O diagnóstico é baseado apenas na apresentação clínica, mas os exames laboratoriais e de imagem são, geralmente, realizados para descartar outras doenças.

Critérios de diagnóstico

Os critérios específicos para o diagnóstico de ELA também são conhecidos como El Escorial World Federation of Neurology criteria.

Critérios de inclusão:

  • Evidência clínica, eletrofísica ou neuropatológica de degeneração do LMN
  • Evidência clínica, eletrofísica ou neuropatológica de degeneração do UMN
  • Evidência de disseminação progressiva dos sinais e/ou sintomas dentro de uma região ou para outras regiões

Critérios de exclusão:

  • Evidência eletrofisiológica ou patológica de outros processos de doença que possam explicar a degeneração do neurónio motor do doente
  • Evidência na neuroimagem de outras doenças que possam explicar os sinais clínicos e eletrofisiológicos observados

Avaliação laboratorial

Usada para descartar outros distúrbios e inclui:

  • Hemograma
  • Concentração sérica de CK
  • Eletrólitos:
    • Cálcio
    • Fosfato
    • Magnésio
  • Teste de VDRL
  • Rastreio de VIH
  • ECA
  • HbA1c
  • Estudo da função tiroideia
  • Hormona da paratiroide sérica
  • Níveis da vitamina B12

Eletromiografia (EMG)

Evidência de desnervação aguda, desnervação crónica e reinervação crónica apoiam o diagnóstico de ELA.

Neuroimagem (RMN)

  • Usada principalmente para descartar outras doenças
  • Resultados associados à ELA (ponderação em T2):
    • Diminuição da intensidade do córtex motor, conhecido como o “sinal da banda motora”
    • Lesões hiperintensas no trato corticoespinhal

Testes genéticos

  • Reservados como ferramenta de rastreio para doentes com história familiar, pois apenas uma pequena proporção dos casos de ELA é familiar
  • Os testes genéticos disponíveis cobrem apenas uma pequena fração dos genes causadores de ELA.
  • O genótipo C9orf72, em particular, ocorre numa alta percentagem de doentes com ELA esporádica.

Tratamento

Sem tratamento definitivo.

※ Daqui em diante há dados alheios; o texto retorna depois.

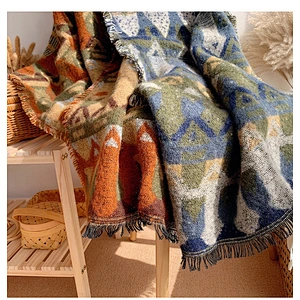 Super Long Shawl Female Autumn Winter Warm Bohemian Scarf Double-Sided Tassel Dual-Use Thick Woolen Scarf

O tratamento atual é sintomático e de suporte.

Gestão da parte respiratória

  • A ventilação não invasiva (VNI) é considerada nos seguintes cenários:
    • Início de dispneia
    • Ortopneia
    • Hipóxia noturna
    • Capacidade vital forçada (CVF) <50%
  • A ventilação invasiva é considerada quando medidas não invasivas não são toleradas:
    • Via aérea segura: traqueostomia
    • Suporte ventilatório crónico

Tratamento médico

A terapêutica médica é baseada nas condições subjacentes e na apresentação clínica.

  • Doença específica:
    • O riluzole foi associado a uma melhor sobrevida (2–3 meses).
    • Possui vários locais de ação:
      • Bloqueio da libertação pré-sináptica de glutamato
      • Bloqueio parcial de receptores pós-sinápticos de N-metil-D-aspartato (NMDA)
      • Bloqueio de canais de Na
  • Espasmo muscular:
    • A mexiletina é um bloqueador dos canais de Na⁺ oral usado para tratar espasmos musculares.
    • O baclofeno é um agonista GABA oral usado para tratar espasmos musculares.
    • A toxina botulínica causa bloqueio da junção neuromuscular; As injeções IM podem ser usadas para tratar espasmos musculares quando a ingestão oral se tornar impossível.
  • Sialorreia:
    • A atropina é um anticolinérgico; as gotas são administradas por via sublingual para tratar a sialorreia.
    • A amitriptilina é um antidepressivo tricíclico oral com propriedades anticolinérgicas usado para tratar a sialorreia.
  • Secreções brônquicas/mucosas espessas:
    • A guaifenesina é um mucolítico oral usado para controlar secreções mucosas espessas.
    • A N-acetilcisteína é um mucolítico nebulizado usado para controlar secreções brônquicas espessas, especialmente quando o equipamento de suporte respiratório está a ser usado.
  • Tratamento da dor:
    • 1ª linha: agentes anti-inflamatórios (e.g., AINEs)
    • 2ª linha: analgésicos opioides
    • Colchões, travesseiros e cadeiras de rodas adaptados podem prevenir o aparecimento da dor.
  • Depressão:
    • A amitriptilina é um antidepressivo tricíclico que melhora a qualidade de vida da ELA.
    • Pode tratar simultaneamente a insónia, a sialorreia e o afeto pseudobulbar

Terapêutica não médica

Nutrição:

  • Suplementação adequada com alimentos ricos em calorias
  • A gastrostomia percutânea deve ser considerada para diminuir os efeitos da disfagia (e.g., perda de peso e aspiração)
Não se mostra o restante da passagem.